Rich though such details are, they are not essential. After all, St. Matthew gives the wise men no names, and that is perhaps telling. What he does tell us — as every child knows — is that the wise men responded to the challenging of gifting by bringing gold, frankincense and myrrh. In the First Reading Isaiah anticipated two of the gifts: gold, fit for a king, and frankincense, for the worship of God. Myrrh, an aromatic resin which was used in preparing the dead for burial, is mentioned by Isaiah a few chapters earlier (Is. 53) when he speaks about the Suffering Servant. This gift is thus a more ominous portent that the same Messiah who fulfilled all those prophecies about the coming of a glorious new divine king also fulfilled the prophecies about a Suffering Servant.

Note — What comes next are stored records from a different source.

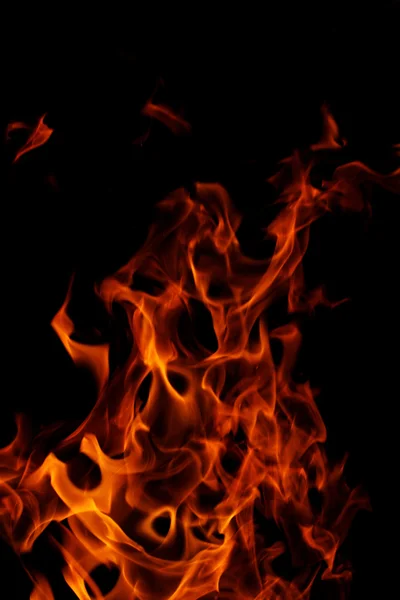 Вогонь на чорному тлі Ліцензійні Стокові Фото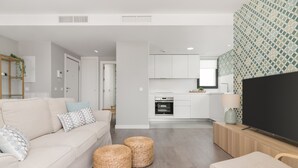 A modern living room with a sofa, two woven ottomans, a TV, and a wooden side table. - Chic 3-bedroom apartment with terrace, Wifi, and parking in Malaga (Málaga)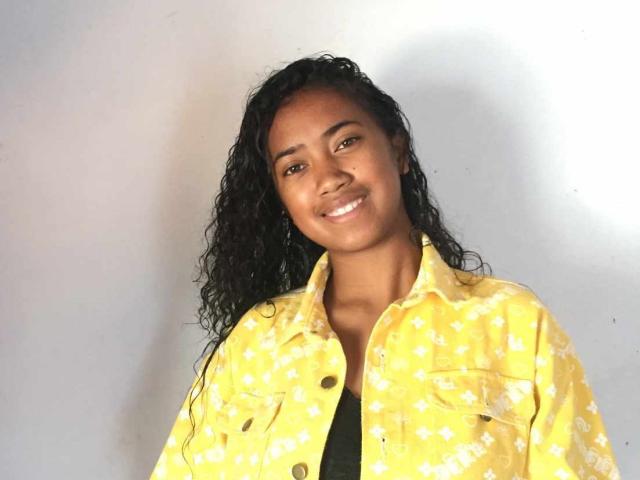 Enielah with curly black hair, smiling, wearing a yellow patterned shirt, and a black top, has brown eyes, and dark skin, standing against a white wall.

Taken together, the three gifts reveal both who this child is and what he is destined to do. We might describe them as token gifts in the best sense: they betoken or symbolise something more than their immediate use; they point us to a deeper future significance beyond any immediate utility.

You see, the Epiphany is not about the wise men whose names we don’t know for sure, nor is it even about their gifts which Jesus certainly didn’t need even if they are richly symbolic. No, the Epiphany is really about Jesus, whose name we do know and which means ‘God saves’. Jesus saves Kings as well as Shepherds, the wise and the simple, both righteous and sinners; yes, even you and me. That’s His incomparable gift to us. And Christina Rosetti memorably suggested the only fitting response:

What can I give him,
Poor as I am?
If I were a shepherd
I would give a lamb;
If I were a wise man
I would do my part;
But what I can I give him
Give him my heart.

Readings: Isaiah 60:1-6 | Ephesians 3:2-3,5-6 | Matthew 2:1-12

Image: detail of a mediaeval wall painting from the tomb of Bishop Rodrigo Díaz (d.1339) in Salamanca’s Old Cathedral, photographed by Fr Lawrence Lew OP.

Fr Samuel Burke is assigned to the Priory of St Albert the Great in Edinburgh, and serves as a chaplain in the Royal Navy.
samuel.burke@english.op.org

Comments (3)

  • Janice harrison

    Thank you Fr Burke. A direct, thought provoking homily on gifting.It hits the mark for me in a particular way. Clearing excess to go into age care,it has given me the great insight ,to my shame,of the huge attachment I’ve had to wasteful consumerism.God forgive me.

    Jesus showed us in the birth as a dependant infant what it means to place our reliance on God alone,,not to forget the washing of the feet,stripping off the outer garments amongst so many parables and signs that take us back to the same focus ..God alone is our All.Blessings,…Janice.

    reply
  • Sofia Leonard

    A clear and enjoyable exploration of the meaning of the feast of the Epiphany. We are blessed here at St Albert’s to have Fr Sam as one of our spiritual guides.